まったく美容師ってやつはなんだって、いつもいつもこんなにも俺を苦しめるのか。電話で予約しようとしたら、いつもの担当の人がいないって。それは別にいい。いつもの人も特にいいと思ってない。だから誰でもいいですよ。でも初めての人にこうしてくれって説明すんの、面倒臭い。

で現れた別の人は、顎の下の髭に剃り残しがあり、その飛び出てる長い毛数本が俺の不安材料だが、まあとにかく頼みますよ。この雑誌のこの人みたいにしてくれたらいいって。確かに言った。言ったはず。なのにさあ、どうよ。こんな感じでどうでしょうって言われても、さっきあなたが切って落ちた俺のあの髪を、元に戻してくれって願いは、どうせ聞いてくれないんでしょ?

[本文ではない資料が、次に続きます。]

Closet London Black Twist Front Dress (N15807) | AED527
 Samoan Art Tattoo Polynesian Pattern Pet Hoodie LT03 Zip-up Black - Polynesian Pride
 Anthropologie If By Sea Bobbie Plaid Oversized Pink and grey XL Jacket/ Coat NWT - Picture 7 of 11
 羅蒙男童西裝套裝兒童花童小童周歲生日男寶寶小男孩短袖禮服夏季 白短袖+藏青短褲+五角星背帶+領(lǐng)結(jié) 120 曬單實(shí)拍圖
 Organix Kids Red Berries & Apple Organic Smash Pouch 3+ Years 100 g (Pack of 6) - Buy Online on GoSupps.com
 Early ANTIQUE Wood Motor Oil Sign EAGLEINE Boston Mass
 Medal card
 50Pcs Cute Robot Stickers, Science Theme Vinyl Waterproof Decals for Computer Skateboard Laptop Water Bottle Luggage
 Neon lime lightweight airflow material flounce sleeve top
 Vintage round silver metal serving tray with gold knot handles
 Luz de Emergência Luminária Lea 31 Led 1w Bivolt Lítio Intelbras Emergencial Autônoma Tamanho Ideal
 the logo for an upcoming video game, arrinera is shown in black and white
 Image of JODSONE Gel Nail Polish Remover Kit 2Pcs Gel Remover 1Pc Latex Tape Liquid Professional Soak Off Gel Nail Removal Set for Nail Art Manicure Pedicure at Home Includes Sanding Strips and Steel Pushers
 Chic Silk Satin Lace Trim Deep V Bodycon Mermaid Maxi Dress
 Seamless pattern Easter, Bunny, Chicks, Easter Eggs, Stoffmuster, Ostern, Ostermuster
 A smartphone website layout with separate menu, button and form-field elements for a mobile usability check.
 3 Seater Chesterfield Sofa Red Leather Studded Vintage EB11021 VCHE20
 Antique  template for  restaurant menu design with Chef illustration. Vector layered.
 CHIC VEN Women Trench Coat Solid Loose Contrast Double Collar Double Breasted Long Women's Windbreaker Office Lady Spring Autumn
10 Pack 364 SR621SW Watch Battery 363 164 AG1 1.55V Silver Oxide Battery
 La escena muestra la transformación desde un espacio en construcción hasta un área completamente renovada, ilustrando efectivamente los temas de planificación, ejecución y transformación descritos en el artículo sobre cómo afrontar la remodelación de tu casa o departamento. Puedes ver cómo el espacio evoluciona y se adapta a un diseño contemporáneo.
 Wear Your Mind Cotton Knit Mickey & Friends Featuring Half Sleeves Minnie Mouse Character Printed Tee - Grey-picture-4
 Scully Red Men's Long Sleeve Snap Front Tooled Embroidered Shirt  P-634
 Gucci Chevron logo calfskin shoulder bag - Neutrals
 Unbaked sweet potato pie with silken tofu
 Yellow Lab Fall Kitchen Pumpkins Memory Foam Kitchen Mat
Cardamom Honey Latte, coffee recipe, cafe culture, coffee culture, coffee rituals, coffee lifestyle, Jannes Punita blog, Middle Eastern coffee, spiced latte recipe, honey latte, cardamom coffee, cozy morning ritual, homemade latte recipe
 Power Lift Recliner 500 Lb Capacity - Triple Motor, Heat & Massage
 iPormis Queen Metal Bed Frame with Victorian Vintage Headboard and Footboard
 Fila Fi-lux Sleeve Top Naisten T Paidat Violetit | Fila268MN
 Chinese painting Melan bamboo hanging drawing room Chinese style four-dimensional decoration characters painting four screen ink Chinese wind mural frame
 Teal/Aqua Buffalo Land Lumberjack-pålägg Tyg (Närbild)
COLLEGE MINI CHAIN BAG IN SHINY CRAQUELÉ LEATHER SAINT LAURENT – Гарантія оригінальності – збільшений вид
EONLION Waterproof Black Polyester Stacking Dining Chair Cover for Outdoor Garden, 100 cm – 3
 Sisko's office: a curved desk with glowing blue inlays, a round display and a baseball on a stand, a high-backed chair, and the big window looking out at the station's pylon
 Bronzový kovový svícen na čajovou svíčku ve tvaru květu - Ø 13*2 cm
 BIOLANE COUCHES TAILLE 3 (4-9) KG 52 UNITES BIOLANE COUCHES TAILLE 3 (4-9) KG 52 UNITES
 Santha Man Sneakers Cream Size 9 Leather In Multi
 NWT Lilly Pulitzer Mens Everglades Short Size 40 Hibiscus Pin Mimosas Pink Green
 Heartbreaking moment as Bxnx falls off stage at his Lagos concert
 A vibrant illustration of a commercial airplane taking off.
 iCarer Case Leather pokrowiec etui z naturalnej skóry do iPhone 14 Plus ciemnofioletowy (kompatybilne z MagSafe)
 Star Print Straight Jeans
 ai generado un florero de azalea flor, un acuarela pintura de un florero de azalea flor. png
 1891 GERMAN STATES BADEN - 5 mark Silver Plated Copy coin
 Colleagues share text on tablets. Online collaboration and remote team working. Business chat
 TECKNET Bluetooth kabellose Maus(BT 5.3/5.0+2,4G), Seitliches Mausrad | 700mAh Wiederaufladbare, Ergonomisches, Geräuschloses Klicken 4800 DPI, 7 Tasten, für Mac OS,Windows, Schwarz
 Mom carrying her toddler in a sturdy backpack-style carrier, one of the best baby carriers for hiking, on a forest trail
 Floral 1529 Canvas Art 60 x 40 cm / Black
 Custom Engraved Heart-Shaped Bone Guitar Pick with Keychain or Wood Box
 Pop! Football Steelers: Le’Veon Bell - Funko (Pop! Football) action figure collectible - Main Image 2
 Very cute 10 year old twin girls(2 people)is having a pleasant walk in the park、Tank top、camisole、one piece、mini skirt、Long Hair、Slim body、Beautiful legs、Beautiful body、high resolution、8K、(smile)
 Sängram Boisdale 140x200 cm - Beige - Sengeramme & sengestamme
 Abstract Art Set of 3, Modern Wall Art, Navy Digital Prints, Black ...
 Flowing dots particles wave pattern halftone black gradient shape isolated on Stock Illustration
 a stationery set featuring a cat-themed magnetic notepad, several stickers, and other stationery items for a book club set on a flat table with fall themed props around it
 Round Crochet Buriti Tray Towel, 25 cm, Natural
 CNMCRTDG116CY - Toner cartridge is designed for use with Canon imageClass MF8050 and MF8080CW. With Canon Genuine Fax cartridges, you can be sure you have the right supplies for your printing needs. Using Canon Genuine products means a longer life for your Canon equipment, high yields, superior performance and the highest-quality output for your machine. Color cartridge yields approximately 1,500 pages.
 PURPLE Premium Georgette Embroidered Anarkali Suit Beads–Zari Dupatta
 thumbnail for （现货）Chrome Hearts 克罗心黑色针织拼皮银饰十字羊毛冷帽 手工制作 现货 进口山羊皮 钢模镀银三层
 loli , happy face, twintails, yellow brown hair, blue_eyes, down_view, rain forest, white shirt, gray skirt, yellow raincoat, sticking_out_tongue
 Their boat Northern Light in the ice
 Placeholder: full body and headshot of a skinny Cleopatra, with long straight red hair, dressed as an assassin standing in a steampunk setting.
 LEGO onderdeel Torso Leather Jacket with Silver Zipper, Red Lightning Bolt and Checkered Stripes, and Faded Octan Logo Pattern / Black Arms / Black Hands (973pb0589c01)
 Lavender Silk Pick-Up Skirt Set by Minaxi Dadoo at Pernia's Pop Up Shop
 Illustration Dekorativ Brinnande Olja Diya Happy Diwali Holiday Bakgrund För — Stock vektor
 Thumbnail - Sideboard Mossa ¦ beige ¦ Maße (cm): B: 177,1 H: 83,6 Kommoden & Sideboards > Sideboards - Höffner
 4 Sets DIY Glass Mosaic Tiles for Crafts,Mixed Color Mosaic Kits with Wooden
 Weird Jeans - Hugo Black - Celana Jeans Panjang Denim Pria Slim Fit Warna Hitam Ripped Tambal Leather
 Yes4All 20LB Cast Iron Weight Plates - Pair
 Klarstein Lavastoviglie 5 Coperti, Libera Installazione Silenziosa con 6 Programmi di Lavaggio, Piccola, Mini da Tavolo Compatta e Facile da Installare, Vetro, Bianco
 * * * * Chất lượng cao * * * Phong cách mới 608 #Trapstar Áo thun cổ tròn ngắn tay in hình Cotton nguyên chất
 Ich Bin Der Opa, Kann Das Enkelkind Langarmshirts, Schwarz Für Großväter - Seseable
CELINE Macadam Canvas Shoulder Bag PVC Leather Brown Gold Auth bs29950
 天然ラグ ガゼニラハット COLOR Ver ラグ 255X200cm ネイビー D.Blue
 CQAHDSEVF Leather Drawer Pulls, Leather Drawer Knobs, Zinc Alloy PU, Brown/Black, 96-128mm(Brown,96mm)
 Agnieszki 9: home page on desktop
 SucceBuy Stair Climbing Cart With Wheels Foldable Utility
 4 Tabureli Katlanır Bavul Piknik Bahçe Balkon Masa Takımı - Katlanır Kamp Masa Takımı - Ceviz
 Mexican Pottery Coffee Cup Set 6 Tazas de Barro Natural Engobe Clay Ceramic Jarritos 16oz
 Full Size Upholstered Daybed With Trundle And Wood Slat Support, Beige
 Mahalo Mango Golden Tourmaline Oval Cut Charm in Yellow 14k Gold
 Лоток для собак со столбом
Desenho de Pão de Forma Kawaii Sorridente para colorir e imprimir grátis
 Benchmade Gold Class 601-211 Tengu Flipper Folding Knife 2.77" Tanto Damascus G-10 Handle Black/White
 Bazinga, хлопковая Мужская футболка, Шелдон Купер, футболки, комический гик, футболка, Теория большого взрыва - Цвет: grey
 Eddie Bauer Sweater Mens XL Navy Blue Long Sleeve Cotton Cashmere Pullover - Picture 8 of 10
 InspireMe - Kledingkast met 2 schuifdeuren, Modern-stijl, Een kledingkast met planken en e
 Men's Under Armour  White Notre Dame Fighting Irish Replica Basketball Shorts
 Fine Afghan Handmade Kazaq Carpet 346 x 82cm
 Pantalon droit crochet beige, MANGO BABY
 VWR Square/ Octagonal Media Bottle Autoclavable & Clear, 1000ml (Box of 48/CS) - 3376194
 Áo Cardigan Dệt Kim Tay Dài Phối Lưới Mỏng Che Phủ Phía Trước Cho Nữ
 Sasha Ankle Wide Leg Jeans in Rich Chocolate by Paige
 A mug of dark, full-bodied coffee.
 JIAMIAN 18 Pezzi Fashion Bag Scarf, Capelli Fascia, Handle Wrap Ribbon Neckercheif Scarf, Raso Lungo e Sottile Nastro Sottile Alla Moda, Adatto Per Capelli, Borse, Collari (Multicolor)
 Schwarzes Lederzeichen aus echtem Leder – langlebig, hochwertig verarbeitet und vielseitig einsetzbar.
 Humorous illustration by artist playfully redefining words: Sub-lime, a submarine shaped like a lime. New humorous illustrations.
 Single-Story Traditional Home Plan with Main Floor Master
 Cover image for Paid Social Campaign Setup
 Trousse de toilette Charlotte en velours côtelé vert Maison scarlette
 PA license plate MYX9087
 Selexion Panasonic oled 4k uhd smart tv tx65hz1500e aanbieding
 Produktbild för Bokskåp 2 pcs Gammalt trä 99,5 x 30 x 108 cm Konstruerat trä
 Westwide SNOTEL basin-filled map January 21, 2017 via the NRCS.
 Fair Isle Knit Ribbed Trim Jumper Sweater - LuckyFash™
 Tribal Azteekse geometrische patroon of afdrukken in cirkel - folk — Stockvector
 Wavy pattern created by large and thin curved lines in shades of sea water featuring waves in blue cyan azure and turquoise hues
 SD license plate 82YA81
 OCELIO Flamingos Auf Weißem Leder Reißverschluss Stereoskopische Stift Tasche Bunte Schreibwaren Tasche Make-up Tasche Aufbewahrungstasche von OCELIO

だから! 俺は!あの写真みたいにしてって…これ違うじゃない。ぜんぜん違うよ。その自信満々の顔はなんだ。なに考えてんだ。どういう教育を受けたんだ。好きな映画はなんだ。あーもういいから、偉い人を呼んでくれ。そしてその人の髪を俺に切らせろ。俺の人生をめちゃめちゃにした償いをしろ。お尻の穴にくちづけろ。

なんてこと言えるはずもなく。まあ気が小さいってのもあるけど、髪型を変にされた文句を言うのってつらいと思う。だって出された料理がまずいとかならさあ、なにこれ! まずいよ! って言えそうだ。でもこの場合は、まずいのは自分の頭なんだもの。こんなにしやがって! ってその酷いことになってるのが、自分の頭。そんな変なもんを乗っけて怒ってる自分。そんなの晒し者だよ。

じゃあセットしますねって言われて、曖昧な笑顔でお願いする俺。ほんとはそんなの振り払って、走っておうち帰りたい。